Brief: For each line below that contains the word "Fatigue", make a copy.
· · · ·
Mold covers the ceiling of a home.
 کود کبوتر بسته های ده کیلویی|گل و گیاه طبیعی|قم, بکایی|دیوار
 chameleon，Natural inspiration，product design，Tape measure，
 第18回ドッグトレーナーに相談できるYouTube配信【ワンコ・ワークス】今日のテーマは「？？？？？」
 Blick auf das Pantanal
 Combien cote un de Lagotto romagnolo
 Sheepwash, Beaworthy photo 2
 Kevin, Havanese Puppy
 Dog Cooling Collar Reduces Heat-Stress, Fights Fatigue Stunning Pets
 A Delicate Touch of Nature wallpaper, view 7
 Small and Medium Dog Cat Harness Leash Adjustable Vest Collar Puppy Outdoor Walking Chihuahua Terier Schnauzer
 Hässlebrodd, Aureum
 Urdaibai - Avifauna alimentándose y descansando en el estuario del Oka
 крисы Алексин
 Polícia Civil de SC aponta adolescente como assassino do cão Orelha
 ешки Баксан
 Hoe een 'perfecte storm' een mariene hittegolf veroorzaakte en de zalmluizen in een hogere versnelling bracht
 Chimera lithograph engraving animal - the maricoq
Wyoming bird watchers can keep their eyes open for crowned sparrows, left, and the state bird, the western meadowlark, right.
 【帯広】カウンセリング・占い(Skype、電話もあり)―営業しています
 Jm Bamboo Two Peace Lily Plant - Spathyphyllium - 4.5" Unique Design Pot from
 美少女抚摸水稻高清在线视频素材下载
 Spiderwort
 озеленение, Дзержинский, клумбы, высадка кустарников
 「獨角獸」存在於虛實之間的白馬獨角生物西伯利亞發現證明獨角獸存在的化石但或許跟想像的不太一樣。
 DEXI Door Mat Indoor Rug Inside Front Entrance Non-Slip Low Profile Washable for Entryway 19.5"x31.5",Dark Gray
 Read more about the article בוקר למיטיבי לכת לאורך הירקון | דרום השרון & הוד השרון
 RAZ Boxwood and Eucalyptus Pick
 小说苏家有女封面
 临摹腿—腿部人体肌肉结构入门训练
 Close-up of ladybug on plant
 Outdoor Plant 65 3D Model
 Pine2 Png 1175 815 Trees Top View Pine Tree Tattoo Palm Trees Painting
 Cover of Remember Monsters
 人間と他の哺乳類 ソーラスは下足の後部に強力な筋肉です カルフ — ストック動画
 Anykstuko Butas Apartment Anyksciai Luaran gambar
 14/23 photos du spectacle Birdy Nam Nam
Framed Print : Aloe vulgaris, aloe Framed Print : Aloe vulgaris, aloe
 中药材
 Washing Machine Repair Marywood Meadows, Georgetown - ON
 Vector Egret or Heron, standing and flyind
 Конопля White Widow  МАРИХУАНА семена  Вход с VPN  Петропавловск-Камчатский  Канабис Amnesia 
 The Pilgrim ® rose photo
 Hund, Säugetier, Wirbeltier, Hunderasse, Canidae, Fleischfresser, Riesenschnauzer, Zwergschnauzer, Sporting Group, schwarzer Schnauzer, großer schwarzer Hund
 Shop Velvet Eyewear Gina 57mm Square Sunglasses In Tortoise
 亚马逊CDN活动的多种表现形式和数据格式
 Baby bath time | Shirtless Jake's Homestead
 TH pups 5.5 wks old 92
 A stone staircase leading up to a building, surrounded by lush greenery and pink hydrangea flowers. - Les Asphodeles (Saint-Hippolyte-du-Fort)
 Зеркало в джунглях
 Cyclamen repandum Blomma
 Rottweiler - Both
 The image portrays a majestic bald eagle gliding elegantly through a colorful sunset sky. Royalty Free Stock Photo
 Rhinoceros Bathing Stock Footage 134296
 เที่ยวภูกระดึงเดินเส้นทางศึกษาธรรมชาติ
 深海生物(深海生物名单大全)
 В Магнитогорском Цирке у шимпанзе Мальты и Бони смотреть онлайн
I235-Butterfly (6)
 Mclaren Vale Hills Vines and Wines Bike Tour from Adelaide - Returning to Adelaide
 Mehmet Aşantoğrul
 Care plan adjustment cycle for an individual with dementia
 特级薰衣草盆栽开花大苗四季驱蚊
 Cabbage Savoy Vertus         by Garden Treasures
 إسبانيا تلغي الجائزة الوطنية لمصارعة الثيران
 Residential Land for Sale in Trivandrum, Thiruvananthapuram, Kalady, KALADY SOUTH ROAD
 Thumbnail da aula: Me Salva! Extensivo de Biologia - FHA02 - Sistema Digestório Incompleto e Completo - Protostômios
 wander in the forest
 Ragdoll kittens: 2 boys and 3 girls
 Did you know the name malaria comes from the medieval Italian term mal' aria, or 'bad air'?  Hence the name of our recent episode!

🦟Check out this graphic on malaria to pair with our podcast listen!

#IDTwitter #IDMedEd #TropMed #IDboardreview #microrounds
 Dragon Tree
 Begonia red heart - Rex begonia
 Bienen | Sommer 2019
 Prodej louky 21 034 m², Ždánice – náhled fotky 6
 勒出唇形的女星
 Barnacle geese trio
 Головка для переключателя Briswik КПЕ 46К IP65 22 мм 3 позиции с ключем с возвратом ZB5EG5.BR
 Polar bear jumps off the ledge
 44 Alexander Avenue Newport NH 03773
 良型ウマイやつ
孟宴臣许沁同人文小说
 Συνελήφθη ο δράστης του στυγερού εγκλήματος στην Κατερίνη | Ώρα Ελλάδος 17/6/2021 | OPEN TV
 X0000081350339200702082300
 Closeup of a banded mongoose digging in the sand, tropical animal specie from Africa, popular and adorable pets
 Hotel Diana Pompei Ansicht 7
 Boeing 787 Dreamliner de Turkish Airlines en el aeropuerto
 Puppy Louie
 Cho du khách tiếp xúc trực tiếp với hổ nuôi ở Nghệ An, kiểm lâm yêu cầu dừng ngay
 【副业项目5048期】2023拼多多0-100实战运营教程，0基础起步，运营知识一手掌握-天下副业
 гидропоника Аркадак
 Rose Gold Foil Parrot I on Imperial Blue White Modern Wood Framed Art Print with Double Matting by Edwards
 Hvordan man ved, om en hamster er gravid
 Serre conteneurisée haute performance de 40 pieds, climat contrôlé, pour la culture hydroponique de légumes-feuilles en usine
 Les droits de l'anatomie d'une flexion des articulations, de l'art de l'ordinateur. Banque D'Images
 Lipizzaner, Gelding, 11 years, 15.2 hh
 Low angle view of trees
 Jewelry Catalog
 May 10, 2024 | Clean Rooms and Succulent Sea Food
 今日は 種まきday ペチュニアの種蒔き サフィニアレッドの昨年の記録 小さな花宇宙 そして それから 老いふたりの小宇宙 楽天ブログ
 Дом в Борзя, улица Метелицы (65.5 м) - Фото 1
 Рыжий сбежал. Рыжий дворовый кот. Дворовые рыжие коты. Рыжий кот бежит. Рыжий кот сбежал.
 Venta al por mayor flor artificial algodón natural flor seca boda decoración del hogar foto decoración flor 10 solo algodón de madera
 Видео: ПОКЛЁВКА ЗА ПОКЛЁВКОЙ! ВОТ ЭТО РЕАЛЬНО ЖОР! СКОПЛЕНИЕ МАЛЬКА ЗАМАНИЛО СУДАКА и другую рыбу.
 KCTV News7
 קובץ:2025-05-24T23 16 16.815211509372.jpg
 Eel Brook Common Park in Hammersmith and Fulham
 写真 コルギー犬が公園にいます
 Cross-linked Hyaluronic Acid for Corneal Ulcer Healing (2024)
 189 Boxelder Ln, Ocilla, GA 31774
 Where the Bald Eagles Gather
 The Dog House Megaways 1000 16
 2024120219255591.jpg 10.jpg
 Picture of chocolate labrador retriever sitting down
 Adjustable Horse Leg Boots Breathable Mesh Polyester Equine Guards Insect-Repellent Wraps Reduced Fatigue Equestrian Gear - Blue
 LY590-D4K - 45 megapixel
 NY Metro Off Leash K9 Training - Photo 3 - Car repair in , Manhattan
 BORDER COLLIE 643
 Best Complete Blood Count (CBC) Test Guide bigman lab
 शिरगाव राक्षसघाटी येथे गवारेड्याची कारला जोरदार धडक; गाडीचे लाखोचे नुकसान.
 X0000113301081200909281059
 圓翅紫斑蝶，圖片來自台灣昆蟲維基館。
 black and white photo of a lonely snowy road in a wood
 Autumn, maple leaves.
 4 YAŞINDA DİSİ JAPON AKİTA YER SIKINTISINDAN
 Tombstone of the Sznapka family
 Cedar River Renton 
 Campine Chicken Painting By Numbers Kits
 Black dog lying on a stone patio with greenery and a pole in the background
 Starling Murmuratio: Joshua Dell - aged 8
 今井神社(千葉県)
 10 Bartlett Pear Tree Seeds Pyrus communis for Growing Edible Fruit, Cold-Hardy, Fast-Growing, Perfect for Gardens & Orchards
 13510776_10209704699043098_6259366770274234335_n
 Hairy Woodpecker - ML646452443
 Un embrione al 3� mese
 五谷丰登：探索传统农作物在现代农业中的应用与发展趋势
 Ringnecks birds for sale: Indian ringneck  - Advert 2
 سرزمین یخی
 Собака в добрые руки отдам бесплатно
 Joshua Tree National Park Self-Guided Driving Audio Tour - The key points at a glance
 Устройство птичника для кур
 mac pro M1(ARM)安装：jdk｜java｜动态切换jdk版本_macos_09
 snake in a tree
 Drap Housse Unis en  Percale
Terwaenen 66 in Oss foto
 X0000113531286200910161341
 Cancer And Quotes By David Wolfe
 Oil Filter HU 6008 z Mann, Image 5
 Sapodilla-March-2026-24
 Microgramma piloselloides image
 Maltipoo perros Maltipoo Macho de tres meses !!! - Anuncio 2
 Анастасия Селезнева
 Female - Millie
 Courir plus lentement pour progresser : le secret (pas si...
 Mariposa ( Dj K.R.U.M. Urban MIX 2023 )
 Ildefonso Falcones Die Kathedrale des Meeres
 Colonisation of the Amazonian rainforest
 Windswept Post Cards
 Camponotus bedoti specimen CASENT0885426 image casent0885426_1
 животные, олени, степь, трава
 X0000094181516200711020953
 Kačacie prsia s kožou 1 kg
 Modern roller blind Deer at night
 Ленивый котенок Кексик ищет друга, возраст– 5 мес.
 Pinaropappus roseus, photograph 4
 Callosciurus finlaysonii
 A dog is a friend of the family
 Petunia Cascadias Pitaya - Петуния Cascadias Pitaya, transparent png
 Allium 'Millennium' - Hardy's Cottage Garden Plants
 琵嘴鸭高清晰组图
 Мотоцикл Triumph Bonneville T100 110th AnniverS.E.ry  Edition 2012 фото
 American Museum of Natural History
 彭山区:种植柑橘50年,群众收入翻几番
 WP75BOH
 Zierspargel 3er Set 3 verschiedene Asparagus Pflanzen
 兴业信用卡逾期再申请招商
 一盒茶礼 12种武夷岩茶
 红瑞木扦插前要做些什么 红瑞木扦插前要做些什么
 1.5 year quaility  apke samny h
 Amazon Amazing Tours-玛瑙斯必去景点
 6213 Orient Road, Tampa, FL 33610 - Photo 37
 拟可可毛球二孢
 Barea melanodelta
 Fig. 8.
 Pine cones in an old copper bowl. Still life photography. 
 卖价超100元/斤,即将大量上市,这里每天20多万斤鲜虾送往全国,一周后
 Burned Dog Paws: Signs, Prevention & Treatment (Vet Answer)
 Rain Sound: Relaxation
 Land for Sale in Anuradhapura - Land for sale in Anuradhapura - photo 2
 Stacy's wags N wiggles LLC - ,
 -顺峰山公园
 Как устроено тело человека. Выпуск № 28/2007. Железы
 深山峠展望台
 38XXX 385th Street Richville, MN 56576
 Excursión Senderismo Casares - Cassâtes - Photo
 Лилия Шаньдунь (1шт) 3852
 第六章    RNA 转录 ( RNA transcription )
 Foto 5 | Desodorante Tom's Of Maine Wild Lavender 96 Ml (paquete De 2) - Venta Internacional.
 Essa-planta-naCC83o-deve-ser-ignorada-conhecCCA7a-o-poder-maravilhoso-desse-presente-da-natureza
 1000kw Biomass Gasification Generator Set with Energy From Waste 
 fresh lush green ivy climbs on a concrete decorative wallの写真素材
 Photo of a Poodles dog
· · · ·
Answer to the problem:
 Dog Cooling Collar Reduces Heat-Stress, Fights Fatigue Stunning Pets
 Adjustable Horse Leg Boots Breathable Mesh Polyester Equine Guards Insect-Repellent Wraps Reduced Fatigue Equestrian Gear - Blue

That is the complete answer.